WHO: Kolejne przypadki eboli w Europie niemal nieuniknione
Wypowiadając się wczoraj dla agencji Reutera po potwierdzeniu w Hiszpanii pierwszego w Europie lokalnego przypadku eboli, Jakab wyraziła przekonanie, że "takie importowane przypadki (zarażenia ebolą) i podobne zdarzenia, jak to w Hiszpanii najprawdopodobniej będą się zdarzać w przyszłości", ponieważ ludzie podróżują między Europą a krajami dotkniętymi tą chorobą.
W kilku krajach europejskich, m.in. we Francji, Wielkiej Brytanii, Holandii, Norwegii i Hiszpanii leczy się pacjentów, którzy ebolą zarazili się w państwach Afryki Zachodniej.
Jakab podkreśliła, że pracownicy służby zdrowia w Europie, zajmujący się tymi pacjentami, a także ich rodziny i bliscy znajomi są najbardziej narażeni na ebolę.
"To się będzie zdarzać. Ale naszym zdaniem najważniejsze jest to, że ryzyko (eboli) w Europie jest wciąż niewielkie, i że zwłaszcza zachodnia część regionu europejskiego jest najlepiej na świecie przygotowana do reagowania na wirusowe gorączki krwotoczne, takie jak ebola" - stwierdziła dyrektor WHO na Europę.
Oprócz przebywającej w szpitalu w Madrycie zarażonej hiszpańskiej pielęgniarki, światowe media donoszą o kolejnym przypadku eboli w Europie.

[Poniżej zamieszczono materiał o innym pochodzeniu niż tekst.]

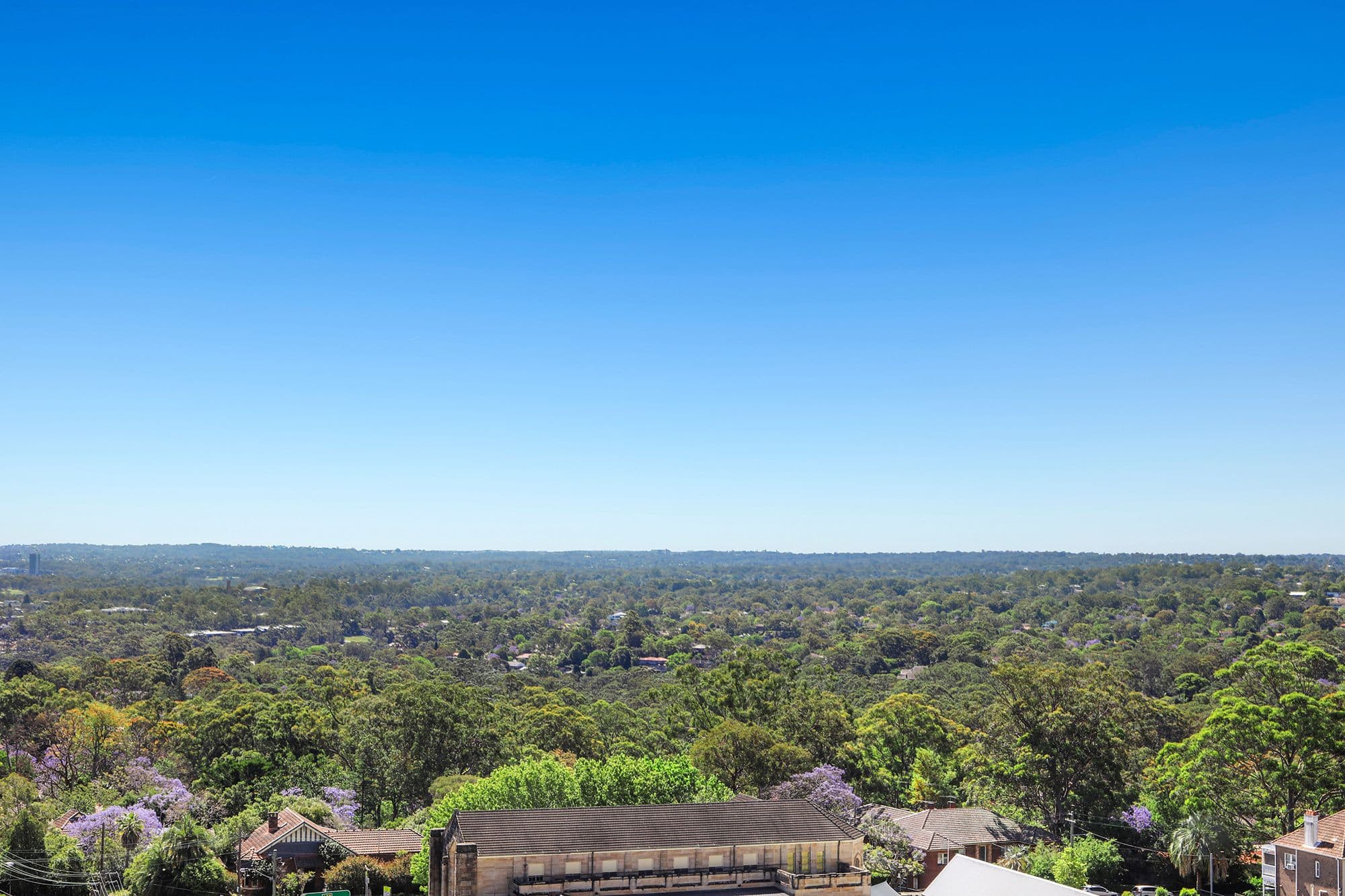 14 Brown Street, Chatswood NSW 2067, Chatswood - Thumbnail 3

Nosicielką wirusa jest 30-letnia norweska lekarka, pracująca w organizacji Lekarze bez Granic (MSF), która powróciła z misji w Sierra Leone. Wczoraj kobieta została przywieziona do Oslo, gdzie odbędzie eksperymentalne leczenie.
"Groźba zarażenia innych osób jest minimalna" - oświadczył w telewizji przedstawiciel norweskiej służby zdrowia Bjoern Guldvog.